▸ SUPPLIED MATERIAL
------------------------

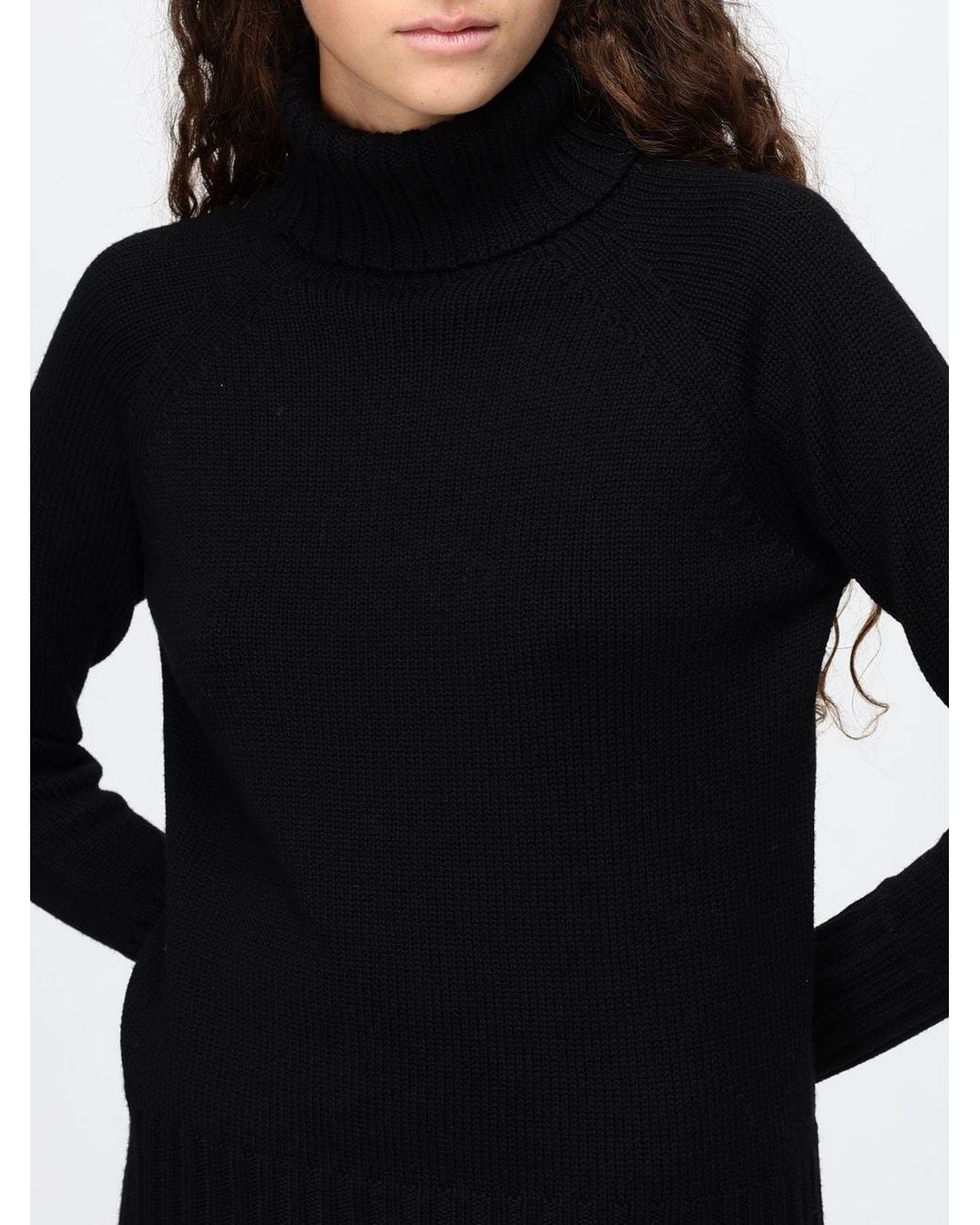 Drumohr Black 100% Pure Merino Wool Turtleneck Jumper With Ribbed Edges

------------------------

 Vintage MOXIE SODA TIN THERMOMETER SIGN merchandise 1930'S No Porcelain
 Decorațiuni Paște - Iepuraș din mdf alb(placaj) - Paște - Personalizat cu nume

------------------------

▸ BRIEF
Return only the stretch of the material above from the line holding "Vintage MOXIE SODA" through the line holding "Decorațiuni Paște - Iepuraș", copied exactly.

▸ SOLUTION
 Vintage MOXIE SODA TIN THERMOMETER SIGN merchandise 1930'S No Porcelain
 Decorațiuni Paște - Iepuraș din mdf alb(placaj) - Paște - Personalizat cu nume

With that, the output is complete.